Diinisiasi oleh Kelompok Studi Ekonomi Islam dan Forum Studi Ekonomi Islam (KSEI FoSEI) Unhas, kegiatan tersebut dipandu oleh Anggota Biro Kajian Departemen Keilmuan KSEI FoSEI Unhas, Sri Ulfa.
Pada kesempatannya, Ranto menilai mahasiswa kini sedang berapi-api mengikuti perusahaan Gojek. Perusahaan itu dianggap keren karena mendapatkan suntikan dana. “Mungkin dari segi model bisnisnya memang keren karena hampir semua kebutuhan jasa tersedia, tetapi diliat di akar rumput persoalan yang terjadi itu tidak,” tegasnya.
Ia kembali melanjutkan, pekerjaan di Gojek tidak memiliki jangka panjang.”Orang yang bekerja di Gojek mungkin pendapatannya tinggi-tinggi saat ini. Namun penghasilan tersebut hanya untuk investasi, suatu saat akan ditarik,” jelas Ranto.

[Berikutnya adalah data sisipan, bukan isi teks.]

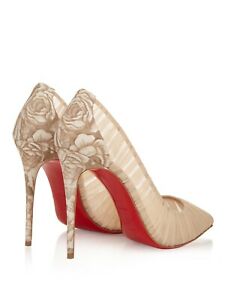 Detail Louboutin Wedding Shoes Ebay Nomer 7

BACA JUGA: Rumus Cerdas dalam Manajemen Prioritas dan Keuangan
Ranto juga mengatakan, perusahaan Gojek berusaha mengusai dari hulu ke hilir. Mereka berusaha mengusai costumer dan produksinya.
“Sehingga ketika mereka menguasai itu semua, akan terjadi injek dana besar-besaran sehingga Gojek dapat menentukan harganya,” ujar Ranto.
Lebih lanjut, Ranto mengatakan, proses bisnis Gojek tidak menyediakan komunikasi antara semua pihak terlibat. Terutama yang membantu menjalankan proses bisnisnya, dalam hal ini driver, warung.
Dengan proses bisnis tersebut, Ranto tidak yakin dijalankan sesuai nilai ekonomi islam.
“Karena tujuannya hanya untuk menguntungkan dirinya sendiri, dia tidak memperhatikan orang yang menjadi mitranya. Padahal secara bahasa, narasi, dan isu yang dia bangun sebagai perusahaan untuk memecahkan masalah adalah mitra,” jelas Ranto.
Pada akhir kesempatannya, Ranto berpesan pada saat bekerja jangan hanya berfikir tentang menghasilkan kekayaan tetapi juga memberikan manfaat terhadap masyarakat.